## Task to carry out
Give every entry again precisely as it appears.

## Data for review
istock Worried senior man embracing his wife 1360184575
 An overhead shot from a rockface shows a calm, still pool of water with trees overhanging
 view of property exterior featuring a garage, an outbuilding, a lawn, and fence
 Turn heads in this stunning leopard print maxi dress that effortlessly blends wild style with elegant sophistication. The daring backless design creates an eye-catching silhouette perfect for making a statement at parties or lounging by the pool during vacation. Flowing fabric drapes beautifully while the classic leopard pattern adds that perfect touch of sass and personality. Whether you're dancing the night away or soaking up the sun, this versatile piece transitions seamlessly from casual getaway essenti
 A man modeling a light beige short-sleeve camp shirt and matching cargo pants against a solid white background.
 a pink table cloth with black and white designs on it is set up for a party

## Exercise response
istock Worried senior man embracing his wife 1360184575
 An overhead shot from a rockface shows a calm, still pool of water with trees overhanging
 view of property exterior featuring a garage, an outbuilding, a lawn, and fence
 Turn heads in this stunning leopard print maxi dress that effortlessly blends wild style with elegant sophistication. The daring backless design creates an eye-catching silhouette perfect for making a statement at parties or lounging by the pool during vacation. Flowing fabric drapes beautifully while the classic leopard pattern adds that perfect touch of sass and personality. Whether you're dancing the night away or soaking up the sun, this versatile piece transitions seamlessly from casual getaway essenti
 A man modeling a light beige short-sleeve camp shirt and matching cargo pants against a solid white background.
 a pink table cloth with black and white designs on it is set up for a party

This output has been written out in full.